The Child Finder by Rene Denfield
I was nervous about this book because, as a mom, child abductions have long been my worst fear. I found the hunt for the abductor thrilling, I loved the strong main character and I was very interested in people who still live a very old-fashioned lifestyle of trapping game and trading furs. The Pacific Northwest is on Jason and my shortlist of places to visit, so I ate up all the descriptions of the setting.
Naomi, a private investigator who had been abducted as a child, is hired to find Madison Culver, a little girl who went missing three years ago when her family was out looking in the woods for a Christmas tree.
The characters are very well developed, the plot is rock solid and the storyline was different and intriguing. I give this book 4/5 stars.

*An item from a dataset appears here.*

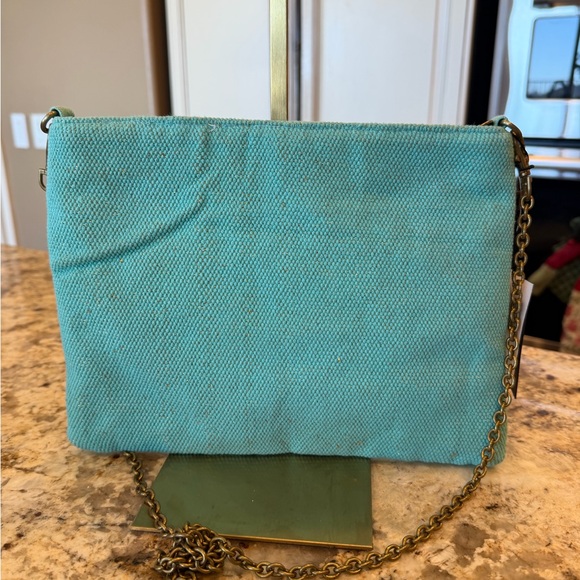 America & Beyond Citrus Blueberry Infusion Clutch - Picture 4 of 9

While I was reading The Child Finder by Rene Denfield, my 15 year old was reading (and loving) The Hate U Give by Angie Thomas.
The Hate U Give by Angie Thomas
My daughter LOVED this book. She found the main character, Starr, very relatable. She said she wanted to be friends with Starr and help her through everything that was going on in her life. Starr lives in a poor neighborhood but attends a prep school. The other kids at the prep school can not relate to the issues Starr faces at home. Starr’s best friend is fatally shot and killed by a police officer. His shooting makes national headlines and some say he was a thug, while others say the police officer was wrong for shooting him. Starr’s family is targeted by both the police and drug lords and Starr is the only one that knows what really happened that night.

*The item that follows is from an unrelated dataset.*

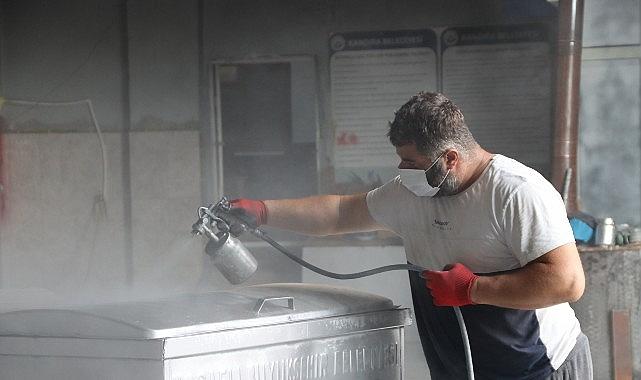 Kandıra Belediyesi, Çöp Konteynerlerini Tamir Ederek Tasarruf Sağlıyor Kandıra Belediyesi, Çöp Konteynerlerini Tamir Ederek Tasarruf Sağlıyor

My daughter’s review reminds me how different the world she is growing up in from the world I grew up in. I grew up in an upper-middle class town, there were a few Black kids and I was and still am friends with them. They may have been going through things – I am pretty sure that they were – but I did not know about it. I just saw them as friends, we talked and joked and made plans to hang out. I always thought that we were so much further along with race relations than we actually are. I really believed, up until a few years ago, that we needed to be color blind and not so shallow as to judge people based on the color of their skin. I was so proud to be an American in 2007 when Barack Hussein Obama accepted the Democratic Nomination for President of the United States and won the election. I cried along with the prolific newscaster, who was on his knees weeping because he never thought he would see a black man become President, his own grandfather having been a slave–I think that was the moment that it hit me that I could never really understand this. I could have sympathy. I could support equality, but my experience as a white person would protect me from things and feelings and situations that I had no idea existed. I wish that the world was the way I thought it was 15 years ago, but since it is not, I am glad that I have raised two girls who want to read books like this and want to stand up for people of color. I am glad that publishers are publishing books like this and I am glad that we can have this conversation. I hope that at some point soon, this conversation won’t be necessary and we will all be treated equally.